The good news is still reverberating throughout the coast area and as far afield as Whistler after Premier Christy Clark announced last month the reinstatement of direct ferry service from Port Hardy to Bella Coola.
For Beat Steiner's tourism business — Whistler-based Bella Coola Heli Sports and the Tweedsmuir Lake Lodge — the announcement is welcome news.
"It's really great for the smaller tour operators and the First Nations who are trying to get aboriginal tourism going," Steiner said.
The ferry is expected to be operational by 2018. Previously, there was direct ferry service from Port Hardy until two years ago when it was cancelled by the provincial government, which reasoned it was necessary to keep fares down to ensure the long-term affordability and sustainability of coastal ferries.

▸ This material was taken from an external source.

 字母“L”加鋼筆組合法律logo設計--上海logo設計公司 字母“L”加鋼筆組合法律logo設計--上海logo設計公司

At the time of the cancellation, Steiner estimated his bookings for one month alone were down two-thirds from what they were the previous year, while other tourism operators in the area said their businesses decreased by as much as 90 per cent.

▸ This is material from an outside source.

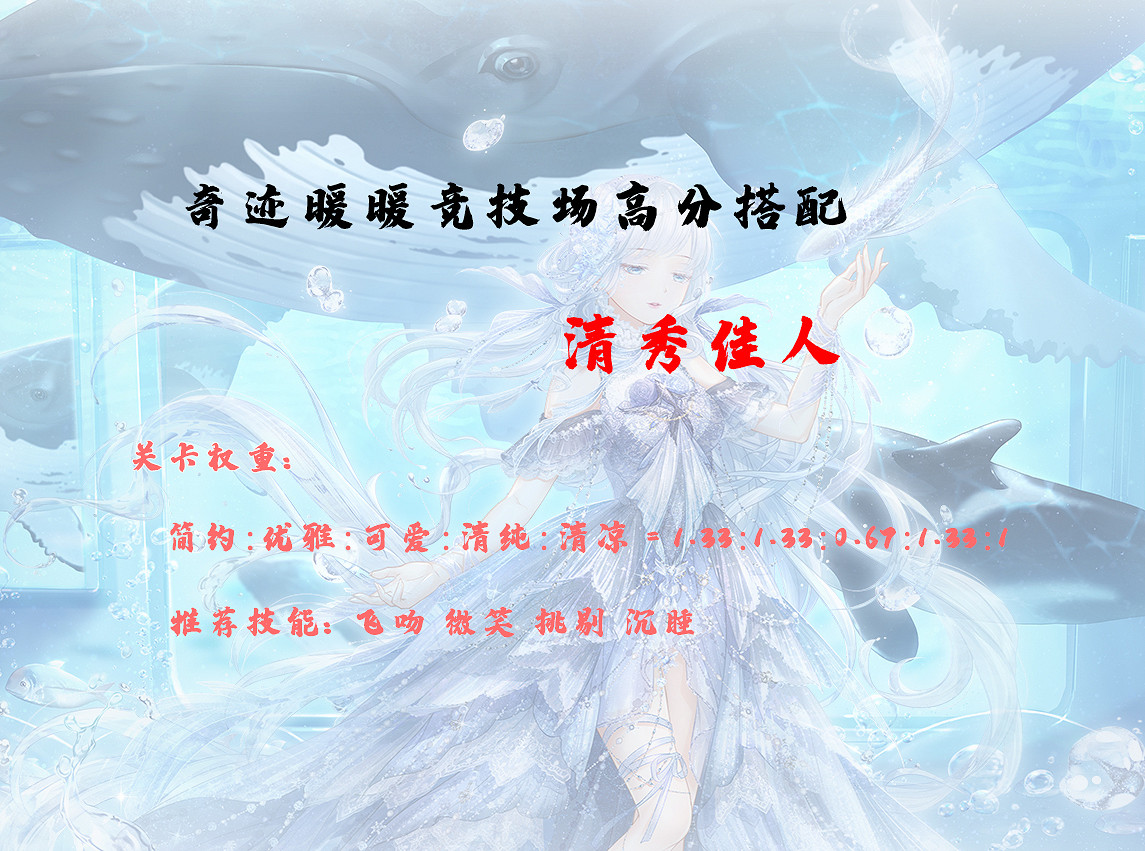 《奇蹟暖暖》清秀佳人高分搭配 奇蹟暖暖搭配競技場攻略2021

Since removing the 115-car capacity Queen of Chilliwack from Route 40, the ministry had replaced it with the 16-vehicle Nimpkish, which offers no extra services and is a much longer 13-hour indirect trip to Bella Coola — which only attracted the most determined tourists, said Steiner.
"Everyone was opposed to the cancellation," said Walt Judas, CEO of the Tourism Industry Association of B.C. "It was a key transportation and supply route."
The cancellation came as small tourism operators were increasingly drawing clients who would take the ferry from Port Hardy straight to Bella Coola and then on to Highway 20 through B.C.'s Chilcotin country to Williams Lake.
"It was a very popular loop — people were going as far as Alberta, all the way up to the Cariboo-Chilcotin and swinging back through the Okanagan," said Judas. "There were so many different things to experience all along the way — it was very popular and many of the resorts cater to that high-end market."
Judas said as First Nations tourism grows, the route is crucial for branding B.C. tourism.
"It's an important piece for tourism and First Nations-led investment," he said. "It is not as developed as it could be. B.C. has one-third of the First Nations tourism in Canada, and there is much more potential."